Mitja Rabar è un “character animator” triestino che dal 2012 lavora per i Walt Disney Animation Studios, in California. Gli ultimi film per cui ha lavorato sono Ralph Spaccatutto, Frozen, Big Hero 6, Zootropolis e Oceania. Con loro sono arrivati due premi Oscar nella categoria Miglior film d’animazione. E per chi, agli occhi dei più, è sempre stato uno che per vivere “fa disegnetti”, l’essere arrivato nel più antico studio di animazione ancora in attività e lavorare in un reparto dove viene considerato una delle figure importanti del processo di realizzazione delle opere, significa solamente una cosa: aver raggiunto il massimo.
Nel panorama cinematografico contemporaneo, dove le possibilità di ricreare a livello visivo universi, creature e situazioni sono infinite, ma l’eccessiva sovraesposizione ad immagini ultraspettacolari sembra aver precluso agli spettatori la possibilità di stupirsi veramente, ecco che il ruolo degli animatori come Mitja è diventato di cruciale importanza nel non lasciare che la capacità di meravigliarsi venga dimenticata.
Una rieducazione alla meraviglia che, come racconta l’animatore triestino, è frutto di un’organizzazione del lavoro coinvolgente e continuamente stimolante; di una solidità societaria che permette di avere un controllo totale sui propri film, durante tutte le fasi di realizzazione; di una filosofia di fondo che vuole che non ci si dimentichi mai di poter pensare di realizzare l’impossibile.
“Forse il problema più grande dei blockbuster di oggi è che si affidano eccessivamente a effetti speciali realizzati da delle aziende esterne alla produzione del film.
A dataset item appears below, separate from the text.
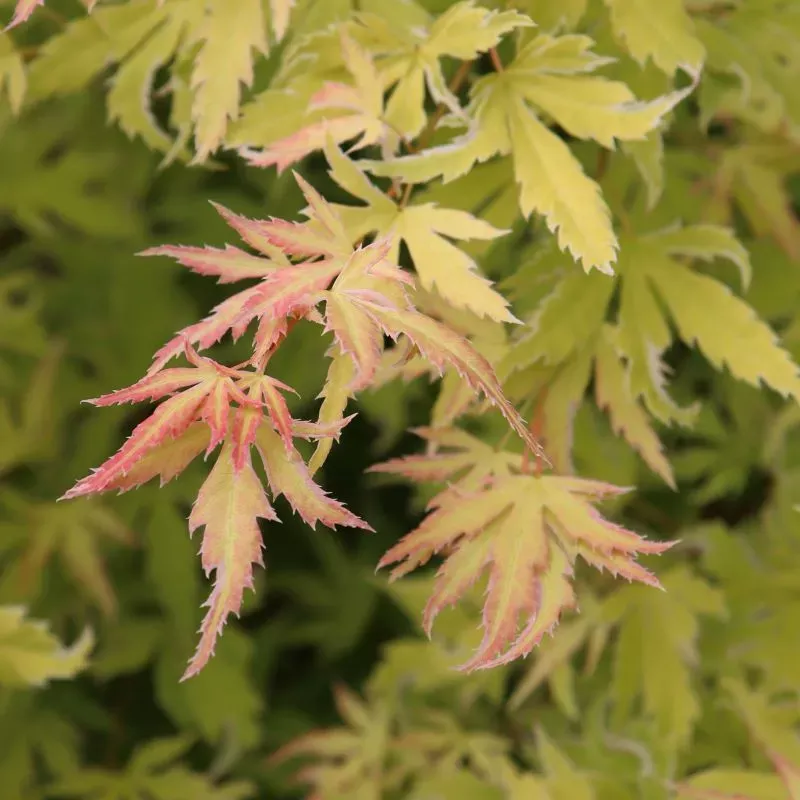 Acer palmatum Metamorphosa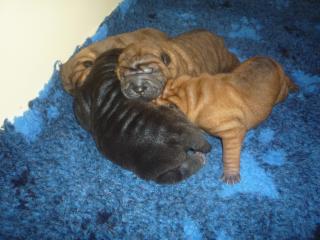Sharpei Welpen Rüden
E purtroppo, così facendo, anziché essere perfettamente integrati alla storia, finiscono per oscurarla, diventando essi stessi il motivo per cui moltissime persone vanno al cinema. Questa non è sicuramente una cosa che fa bene al cinema: io credo che dovrebbero essere sempre le storie a fare da traino, con l’aspetto visivo ad arricchire il mondo che si vuole raccontare. Per fortuna da noi alla Disney non sussiste questo problema, molto semplicemente perché tutto, dalla pre-produzione, alla distribuzione, dai giocattoli ai parchi a tema, viene realizzato in sede. E questo ci permette di lavorare con la consapevolezza che se un film non è pronto, ha bisogno di più lavoro o di qualche modifica, la sua data d’uscita slitta.
Lavorare in questo modo significa avere la possibilità di poter curare ogni scena fino al più minimo dettaglio senza l’ansia della consegna. E mi piace pensare che qualsiasi spettatore potrebbe mettersi a fissare un fotogramma di un nostro film per 10 minuti senza mai stufarsi, perché il tempo e la cura con cui ogni cosa viene realizzata sono quelle giuste. Per Zootropolis, ad esempio, abbiamo sviluppato in maniera incredibile ogni diversa sezione della città: ogni ricerca, ogni idea, ogni storia era così bella che mi sarebbe piaciuto vederla più approfondita all’interno del film. È incredibile quanto materiale, poi inutilizzato, fosse stato prodotto. Però tutta questa complessità emerge dal film; credo si percepisca come ogni dettaglio è studiato, ogni abitante vive per davvero, ogni angolo della città racchiude in sé delle storie.
È davvero fondamentale per lavori come questo, mantenendo ovviamente la consapevolezza di rappresentare solamente un piccolo ingranaggio, sentirsi al centro del progetto e parte integrante del processo creativo: vedere come le tue proposte e le tue idee vengano spesso ascoltate e poi realizzate è un continuo incentivo a creare e sperimentare. Dietro a tutto questo si aggiunge un continuo studio dei materiali vecchi, dei bozzetti dei film del passato che, oltre a rappresentare un esempio da continuare a seguire – una sorta di ricetta magica che proviamo costantemente a ricreare – ci spronano ad uscire dagli schemi con cui siamo abituati a ragionare, stimolandoci a raggiungere ogni volta un nuovo livello di complessità e perfezione”.